QUINCY — The Historical Society of Quincy and Adams County has curated thousands of documents and other physical items since its creation 125 years ago.
Asking Rob Mellon what are the Historical Society’s most prized items is like asking a father which is his favorite child. He has a story and a love for each of them.
However, the society’s executive director doesn’t flinch when it comes to his favorite.
“Our greatest artifact is the (Gov. John Wood) mansion,” he said. “It’s one of the oldest structures of its kind anywhere in the state. It is on one list of the 150 most important architectural sites in Illinois (selected in 2007). Then when we had the state bicentennial (in 2018), it was included on the list of Illinois’ 200 Great Places by the American Institute of Architects Illinois. The John Wood mansion is one of only three private residences on that list (the others are Abraham Lincoln’s home in Springfield and Ulysses S. Grant’s home in Galena).”
Calftown Cookout picnic set for noon
The Historical Society will celebrate its milestone 125th anniversary year with a Calftown Cookout picnic on the grounds of the mansion, 425 S. 12th, from noon to 4 p.m. Sunday. The event is open to the public and will feature live music, food and beverages, a book signing, free tours of the historic home and self-guided walking tours of Calftown. Jukebox Reloaded will perform from 2-4 p.m.
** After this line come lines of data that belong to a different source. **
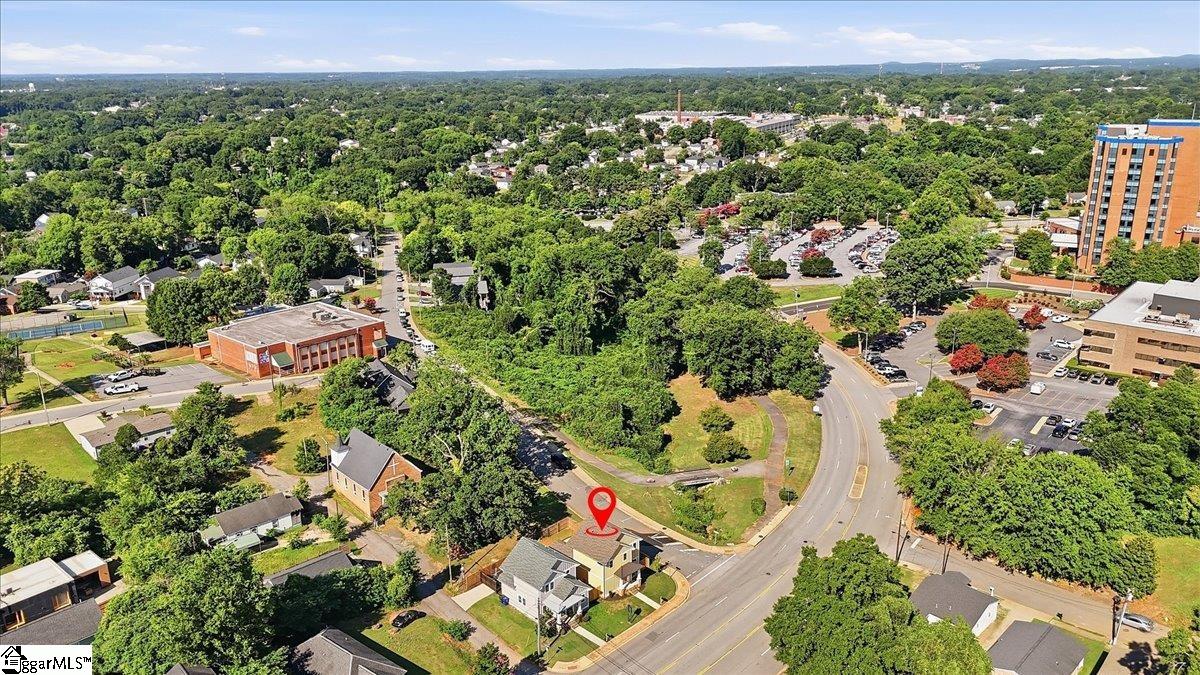 915 Dunbar Street Greenville, SC 29601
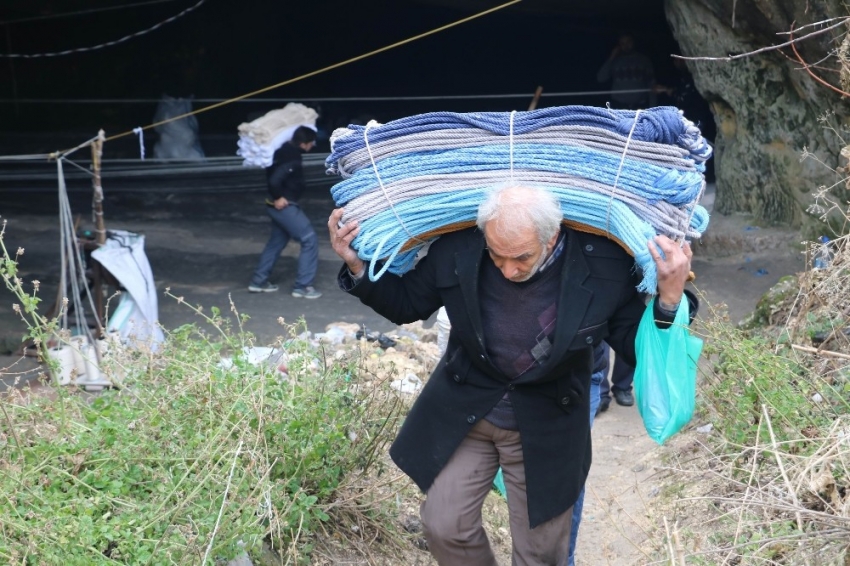  200 yıllık mağarada asırlık mesleği sürdürüyorlar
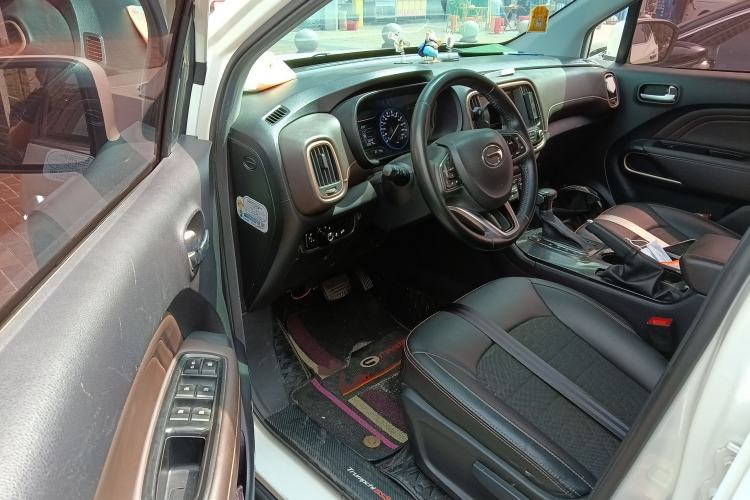 Used GAC Trumpchi GS3 2019 235T Automatic Elite Edition Driver Seat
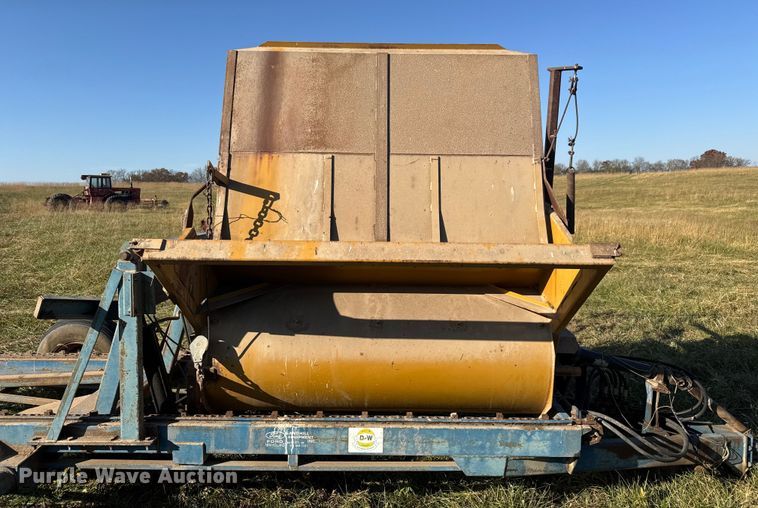 image for item FK0590 Haybuster 256 bale processor with feed wagon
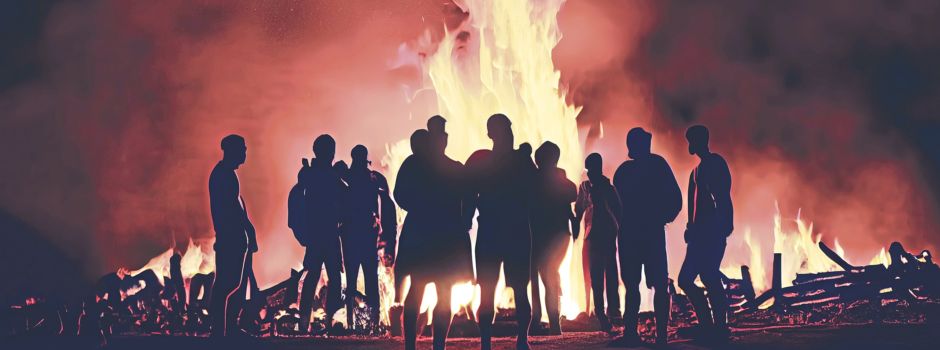 Viele Osterfeuer knistern im Heidekreis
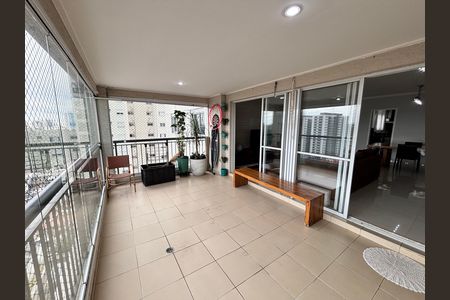 Apartamento à venda com 127m², 3 quartos e 2 vagas Apartamento à venda com 127m², 3 quartos e 2 vagasSacada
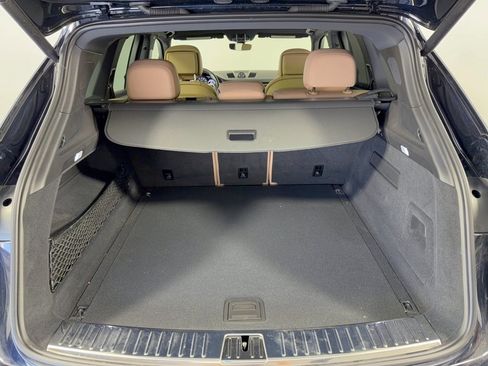 Certified 2023 Porsche Cayenne AWD/4WD image 28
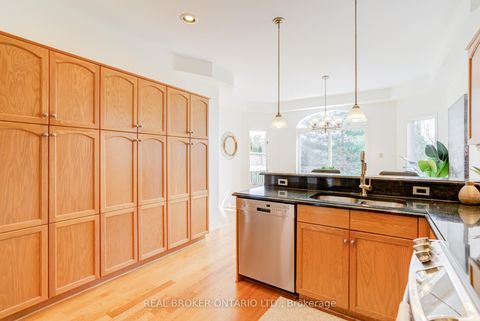 Photo 9 at 886 Darwin Drive, Dunbarton, Pickering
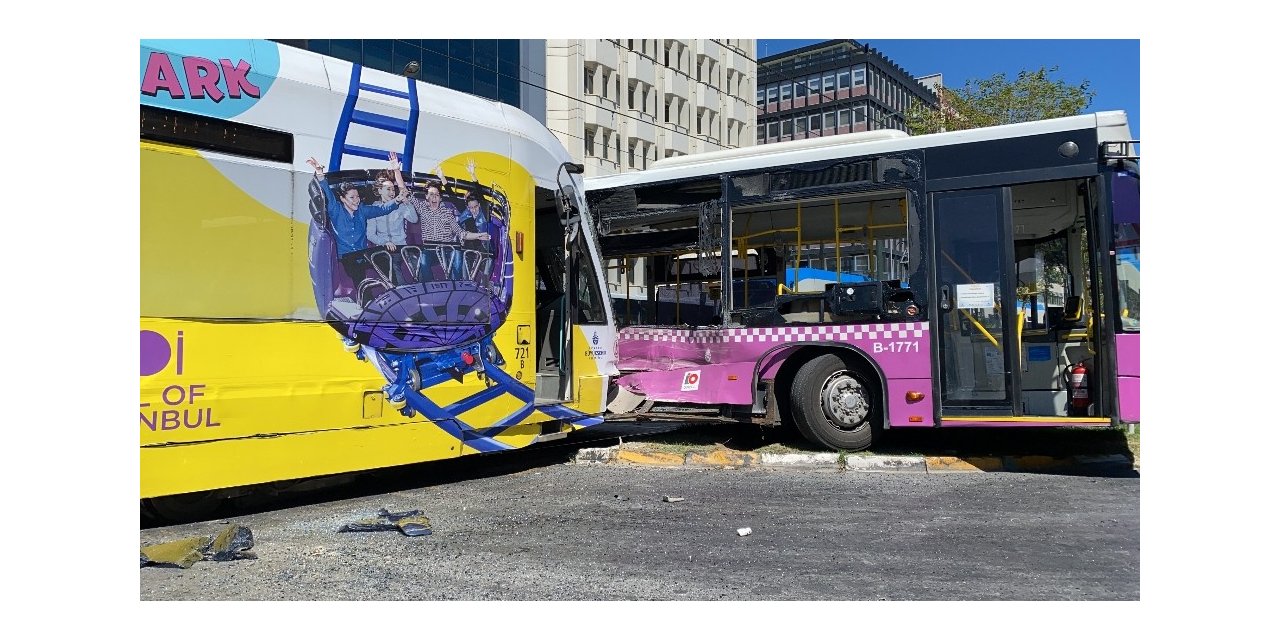 Tramvay Otobüse Çarptı: 2 Yaralı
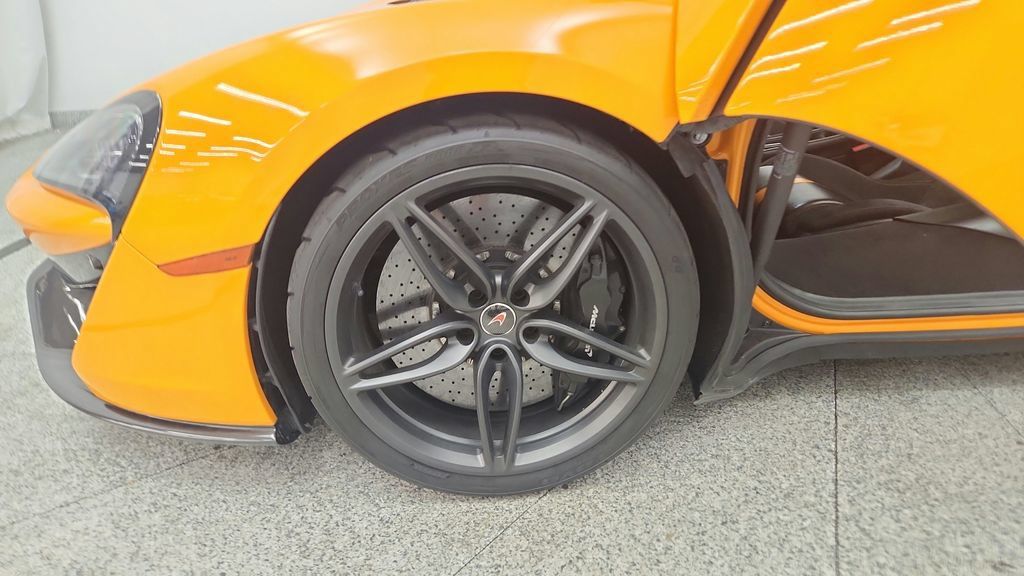 Used 2016 McLaren 570S Coupe RWD image 14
The Historical Society long has been affiliated with the mansion. The city approved a request in 1906 to construct an alley near 12th and State, which would have required the historic home to be demolished. Louise Maertz, a prominent member of the Historical Society, and Daniel Wood, John Wood’s son, raised enough funds to buy the mansion in 1907 and protect it. The Historical Society took control of the property in 1907 and has maintained the home ever since.
Mellon says the historical societies in Quincy and Bloomington are the oldest in the state.
He says the mansion, as well as the History Museum at 332 Maine, sees thousands of visitors from around the country each year, but Quincyans often forget about the treasures available for viewing. Groups of third graders annually tour the log cabin next to the mansion, and fifth graders get to tour the mansion itself. Most adults from Quincy, however, typically only see the mansion during candlelight tours for the holidays.
“I had someone come by and asked to see the first fire pumper for the city. I said, ‘Yeah, it’s in the livery over here.’ And he said, ‘I want to see it,’” Mellon said. “Most of the time, Quincy people are not the ones who are touring the mansion. Our guided tour through the house takes an hour, and it’s really the history of the town. It’s a good tour. If you’re just coming through and seeing the house decorated for Christmas, you’re not getting the full tour. Very few Quincyans have done that.”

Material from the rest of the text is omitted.